Le sentier sillonne entre des arbres, franchit le ruisseau de pierre en pierre, traverse les retranchements de quelques animaux sauvages… Et finalement, après quelques heures, quelques jours, quelques années de marche, on atteint le refuge.  Notre forêt intérieure et celle qui nous entoure ne font plus qu’une. Ainsi est sa forêt : dissimulée derrière quelques arbres, elle se nourrit sans cesse d’oiseaux et de plantes à la diversité inattendue, elle multiplie les sons et les odeurs, mais aussi et surtout, elle offre une cabane à notre part d’imaginaire.

Préface du projet par Tanguy Dumortier

Les images de Martin résonnent en moi comme aucunes autres. Car même si nos chemins se croisent peu, nous sommes frères de forêts, nés à quelques jours et quelques arbres de distance.

Au même moment, nos parents nous ont montré le chemin des bois, là où phase la lune, coule la brume, cercle la goutte.

Maintenant nous montrons à nos enfants les racines et les feuilles, la course des nuages, la chute des flocons, les traces du soleil, l’écorce et le coeur des arbres.

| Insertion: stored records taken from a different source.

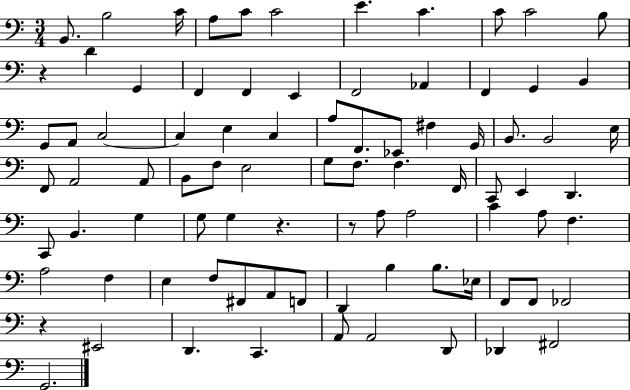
X:1
T:Untitled
M:3/4
L:1/4
K:C
B,,/2 B,2 C/4 A,/2 C/2 C2 E C C/2 C2 B,/2 z D G,, F,, F,, E,, F,,2 _A,, F,, G,, B,, G,,/2 A,,/2 C,2 C, E, C, A,/2 F,,/2 _E,,/2 ^F, G,,/4 B,,/2 B,,2 E,/4 F,,/2 A,,2 A,,/2 B,,/2 F,/2 E,2 G,/2 F,/2 F, F,,/4 C,,/2 E,, D,, C,,/2 B,, G, G,/2 G, z z/2 A,/2 A,2 C A,/2 F, A,2 F, E, F,/2 ^F,,/2 A,,/2 F,,/2 D,, B, B,/2 _E,/4 F,,/2 F,,/2 _F,,2 z ^E,,2 D,, C,, A,,/2 A,,2 D,,/2 _D,, ^F,,2 G,,2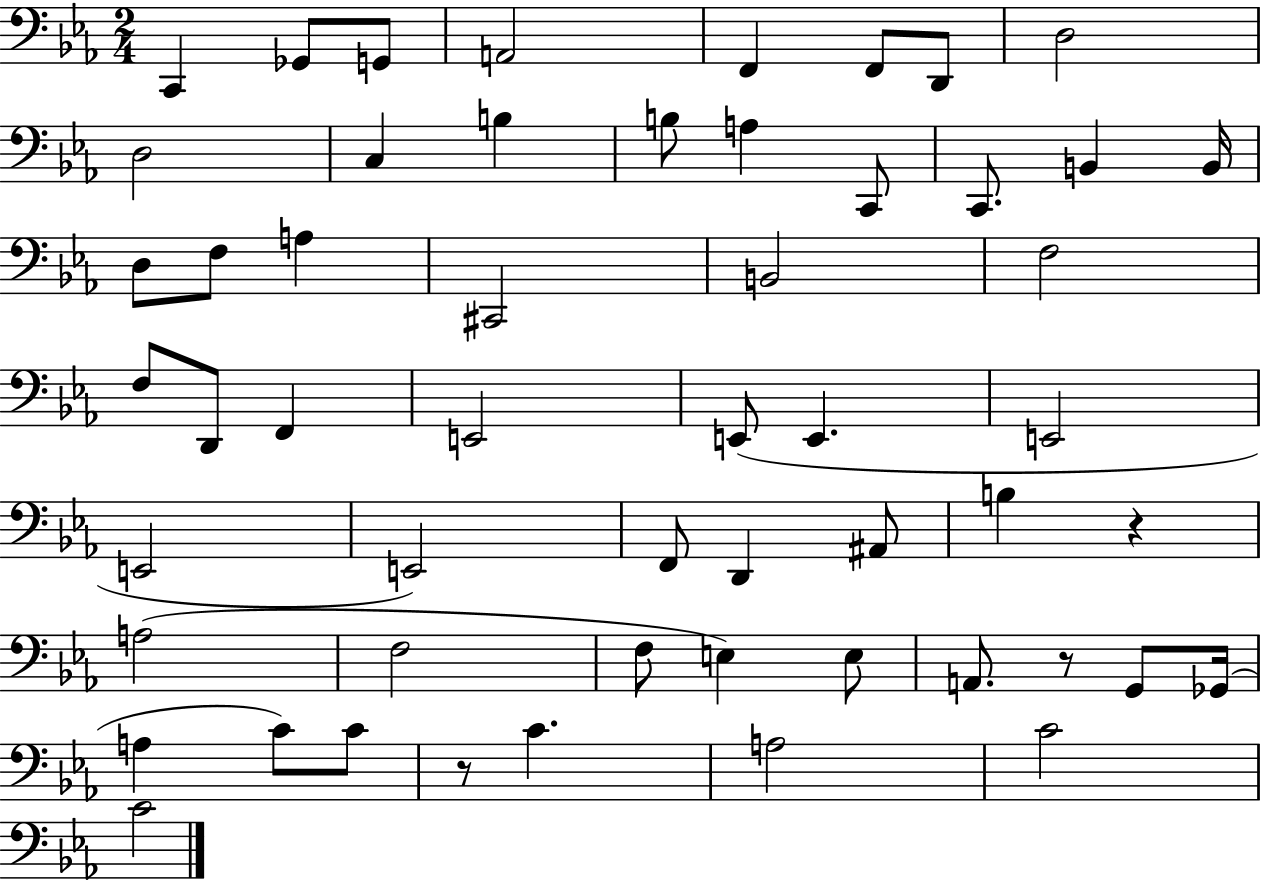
X:1
T:Untitled
M:2/4
L:1/4
K:Eb
C,, _G,,/2 G,,/2 A,,2 F,, F,,/2 D,,/2 D,2 D,2 C, B, B,/2 A, C,,/2 C,,/2 B,, B,,/4 D,/2 F,/2 A, ^C,,2 B,,2 F,2 F,/2 D,,/2 F,, E,,2 E,,/2 E,, E,,2 E,,2 E,,2 F,,/2 D,, ^A,,/2 B, z A,2 F,2 F,/2 E, E,/2 A,,/2 z/2 G,,/2 _G,,/4 A, C/2 C/2 z/2 C A,2 C2 C2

Dans quelques saisons, nous disparaitrons à notre tour, laissant de jeunes pousses et quelques images. Celles de Martin me fascinent, elles m’offrent ce que peu de photos peuvent offrir : des histoires belles, mystérieuses, envoûtantes.

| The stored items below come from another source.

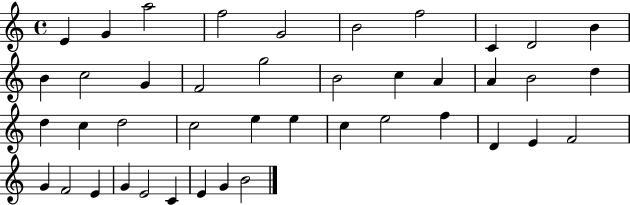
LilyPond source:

{
  \clef treble
  \time 4/4
  \defaultTimeSignature
  \key c \major
  e'4 g'4 a''2 | f''2 g'2 | b'2 f''2 | c'4 d'2 b'4 | \break b'4 c''2 g'4 | f'2 g''2 | b'2 c''4 a'4 | a'4 b'2 d''4 | \break d''4 c''4 d''2 | c''2 e''4 e''4 | c''4 e''2 f''4 | d'4 e'4 f'2 | \break g'4 f'2 e'4 | g'4 e'2 c'4 | e'4 g'4 b'2 | \bar "|."
}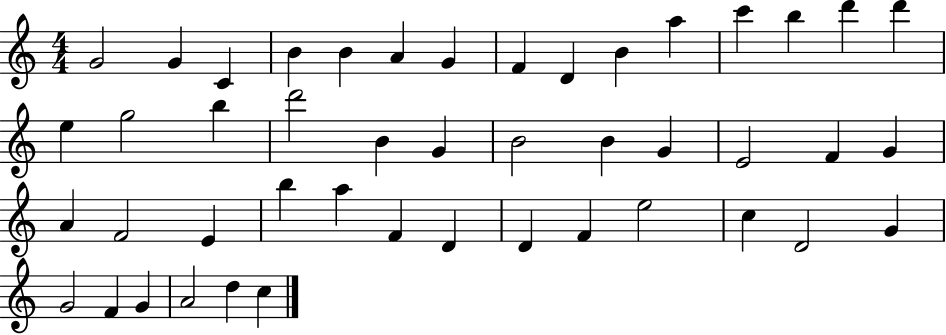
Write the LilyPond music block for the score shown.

{
  \clef treble
  \numericTimeSignature
  \time 4/4
  \key c \major
  g'2 g'4 c'4 | b'4 b'4 a'4 g'4 | f'4 d'4 b'4 a''4 | c'''4 b''4 d'''4 d'''4 | \break e''4 g''2 b''4 | d'''2 b'4 g'4 | b'2 b'4 g'4 | e'2 f'4 g'4 | \break a'4 f'2 e'4 | b''4 a''4 f'4 d'4 | d'4 f'4 e''2 | c''4 d'2 g'4 | \break g'2 f'4 g'4 | a'2 d''4 c''4 | \bar "|."
}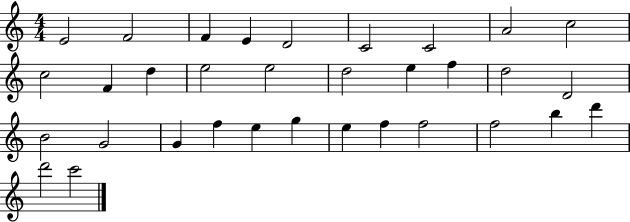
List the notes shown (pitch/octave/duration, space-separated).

E4/h F4/h F4/q E4/q D4/h C4/h C4/h A4/h C5/h C5/h F4/q D5/q E5/h E5/h D5/h E5/q F5/q D5/h D4/h B4/h G4/h G4/q F5/q E5/q G5/q E5/q F5/q F5/h F5/h B5/q D6/q D6/h C6/h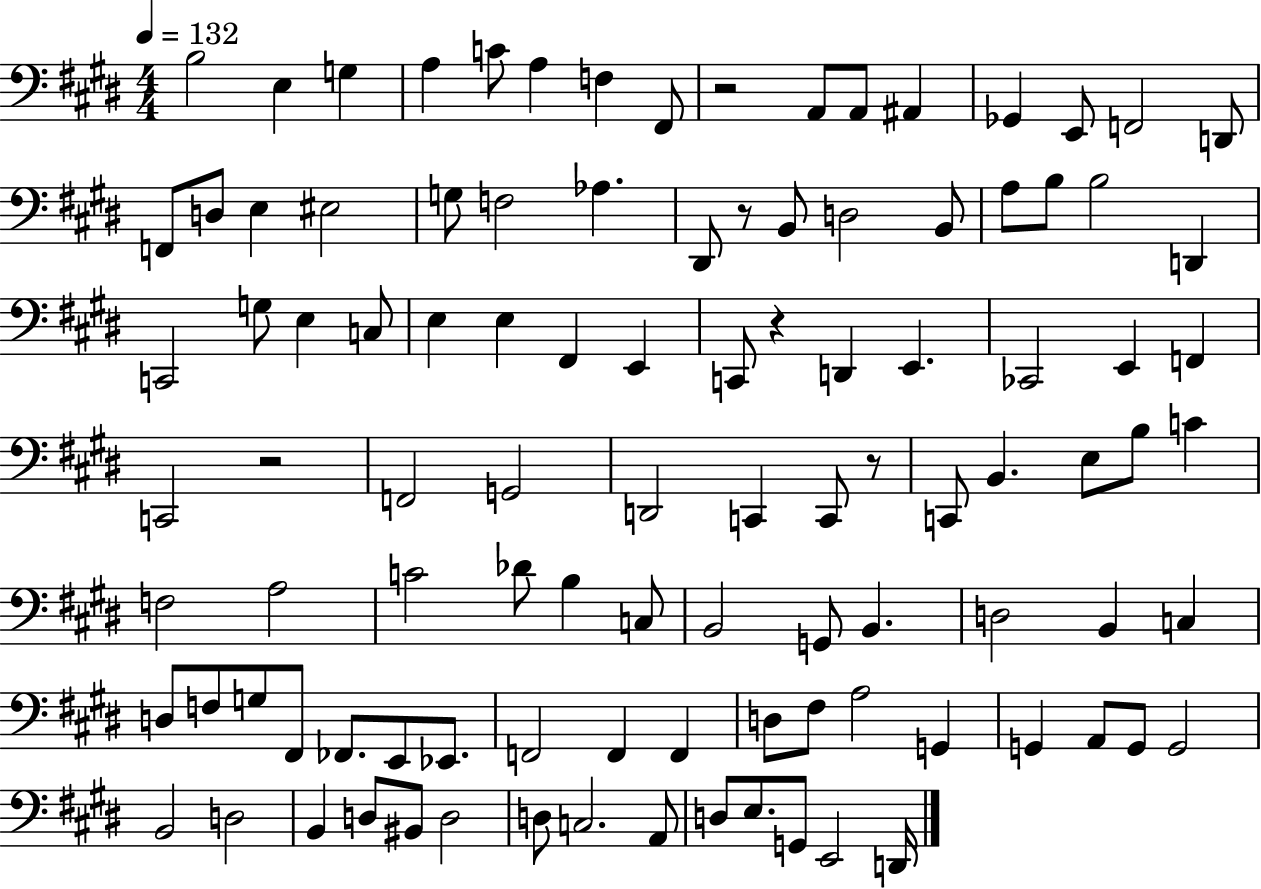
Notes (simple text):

B3/h E3/q G3/q A3/q C4/e A3/q F3/q F#2/e R/h A2/e A2/e A#2/q Gb2/q E2/e F2/h D2/e F2/e D3/e E3/q EIS3/h G3/e F3/h Ab3/q. D#2/e R/e B2/e D3/h B2/e A3/e B3/e B3/h D2/q C2/h G3/e E3/q C3/e E3/q E3/q F#2/q E2/q C2/e R/q D2/q E2/q. CES2/h E2/q F2/q C2/h R/h F2/h G2/h D2/h C2/q C2/e R/e C2/e B2/q. E3/e B3/e C4/q F3/h A3/h C4/h Db4/e B3/q C3/e B2/h G2/e B2/q. D3/h B2/q C3/q D3/e F3/e G3/e F#2/e FES2/e. E2/e Eb2/e. F2/h F2/q F2/q D3/e F#3/e A3/h G2/q G2/q A2/e G2/e G2/h B2/h D3/h B2/q D3/e BIS2/e D3/h D3/e C3/h. A2/e D3/e E3/e. G2/e E2/h D2/s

Vu du ciel, un arbre couché paraît s’être relevé. Curieusement, la neige semble être tombée seulement sur quelques mètres carrés. Un vol d’étourneaux traverse le ciel et la page, une mésange décolle en piqué, des sangliers en formation fonce vers l’objectif, trois blaireaux me regardent dans la nuit. À la vue d’un cerf de dos qui brame : un instinct sauvage se réveille en moi. J’ai l’impression d’être le prédateur qui a trouvé sa proie. Je marche vers elle, silencieux, la mâchoire crispée, à pas de loup. Ces pages sont parvenues à me mettre dans sa peau. La course reprend, derrière le lièvre ou la biche, les herbes folles me caressent le visage.

Ne lisez pas ce livre, plongez-y. C’est une transe hypnotique, une valse des arbres, un conte sans héros. Un photographe nous montre ce qui n’est pas là. Ce qui n’est pas encore là. Ce qui va arriver : le sauvage et son incontrôlable beauté.